Unexpectedly of an apparent heart attack at age 59, in the influential rock cult-hero's adopted hometown of New Orleans. The Memphis-bred singer/guitarist/songwriter, teenage leader of pop hitmakers the Box Tops in the late 60's and underground-legend "power pop/alternative" progenitors Big Star in the early 70's prior to his sporadic solo career, was to have played with the revamped Big Star lineup at SXSW in Austin this Saturday.

http://www.commercialappeal.com/news/2010/mar/17/memphis-musician-alex-chilton-dies/
zaikesman
I saw him in the late 80s and he tore it up. He started the show with Pinball Wizard at about 2X normal speed and continued to impress.

RIP and thanks for the memory Alex...
really excellent post, zaikesman--i'd forgotten about the cramps. truthfully, i never thought much of his post bs work, most of which sounded half-baked or acid-fried, and the boxtops weren't much more than a studio concoction with three or so great songs. but those three big star albums effectively invented a whole genre--without them, it's inconceivable that some of the greatest song bands of our generations (posiesteenagefanclubgametheoryrem) would exist.

so while we're eulogizing, let me extol the virtues of chilton's late great bs partner, chris bell, whose "i am the cosmos" is every bit as noteworthy as the big star records. this would be a good occassion for the unitiated to rush out and buy it.
LJ -- Agree about Chris Bell, and I do dig some of AC's solo stuff including "Like Flies On Sherbet" and "Bach's Bottom". Not for everybody I suppose, but if you can get with inspired shambling then there's nothing quite like it (most who shamble aren't nearly as inspired, or inspiring).
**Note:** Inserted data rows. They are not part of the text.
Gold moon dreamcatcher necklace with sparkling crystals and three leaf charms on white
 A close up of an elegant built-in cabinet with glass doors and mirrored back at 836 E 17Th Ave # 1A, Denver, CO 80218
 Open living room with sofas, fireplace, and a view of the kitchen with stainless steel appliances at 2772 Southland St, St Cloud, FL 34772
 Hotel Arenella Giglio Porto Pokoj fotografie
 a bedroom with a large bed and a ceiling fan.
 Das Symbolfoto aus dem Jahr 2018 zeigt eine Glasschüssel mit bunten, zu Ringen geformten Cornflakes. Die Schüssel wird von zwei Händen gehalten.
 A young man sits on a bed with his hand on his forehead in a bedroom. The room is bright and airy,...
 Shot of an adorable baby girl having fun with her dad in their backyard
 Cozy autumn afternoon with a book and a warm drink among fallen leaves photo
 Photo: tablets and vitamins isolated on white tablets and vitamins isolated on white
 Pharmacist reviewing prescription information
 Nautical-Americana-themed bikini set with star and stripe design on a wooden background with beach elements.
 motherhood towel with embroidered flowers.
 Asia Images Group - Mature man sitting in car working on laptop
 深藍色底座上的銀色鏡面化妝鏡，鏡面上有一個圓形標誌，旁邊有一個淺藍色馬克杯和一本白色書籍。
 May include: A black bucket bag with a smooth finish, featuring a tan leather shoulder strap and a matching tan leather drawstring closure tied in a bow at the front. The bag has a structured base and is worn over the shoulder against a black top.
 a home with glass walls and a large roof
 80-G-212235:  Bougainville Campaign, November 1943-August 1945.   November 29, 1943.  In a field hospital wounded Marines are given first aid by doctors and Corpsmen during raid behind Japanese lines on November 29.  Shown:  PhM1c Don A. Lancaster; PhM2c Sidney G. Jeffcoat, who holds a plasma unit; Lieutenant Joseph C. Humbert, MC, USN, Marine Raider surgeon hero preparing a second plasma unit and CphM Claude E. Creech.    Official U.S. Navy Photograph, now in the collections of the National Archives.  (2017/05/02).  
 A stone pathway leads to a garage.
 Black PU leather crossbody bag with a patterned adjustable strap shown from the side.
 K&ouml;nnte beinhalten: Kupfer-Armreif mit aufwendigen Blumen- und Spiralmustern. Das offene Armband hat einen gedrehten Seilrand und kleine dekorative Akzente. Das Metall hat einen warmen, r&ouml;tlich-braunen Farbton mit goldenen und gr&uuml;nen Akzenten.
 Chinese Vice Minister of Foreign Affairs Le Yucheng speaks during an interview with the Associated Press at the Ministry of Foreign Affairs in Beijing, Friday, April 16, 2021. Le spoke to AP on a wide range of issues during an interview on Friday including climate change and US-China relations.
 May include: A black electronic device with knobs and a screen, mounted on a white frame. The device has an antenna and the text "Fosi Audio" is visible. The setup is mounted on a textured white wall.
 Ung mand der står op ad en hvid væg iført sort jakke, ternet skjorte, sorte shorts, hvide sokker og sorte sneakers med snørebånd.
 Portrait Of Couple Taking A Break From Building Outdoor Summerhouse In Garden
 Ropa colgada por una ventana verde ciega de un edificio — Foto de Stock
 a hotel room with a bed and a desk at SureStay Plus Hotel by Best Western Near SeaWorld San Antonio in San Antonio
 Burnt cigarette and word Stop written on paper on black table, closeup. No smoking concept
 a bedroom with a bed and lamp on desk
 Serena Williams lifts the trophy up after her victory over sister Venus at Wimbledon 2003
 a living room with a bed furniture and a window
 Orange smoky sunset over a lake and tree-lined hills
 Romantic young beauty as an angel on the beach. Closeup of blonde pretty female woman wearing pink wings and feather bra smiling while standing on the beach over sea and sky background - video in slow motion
As for the list of acts AC is oft said to have influenced, and that whole 80's "college rock" thing in general (Replacements excepted, who were "only" rock'n'roll in the best Stonsian sense of the word), I'll take the real deal way above the lot of 'em.
"Children by the millions scream for Alex Chilton and he come's running"

-- he was very worthy of having his own song

RIP
The death of Alex Chilton means goodbye to one of the great musicians of worship of the past four decades in the rock scene... a great loss.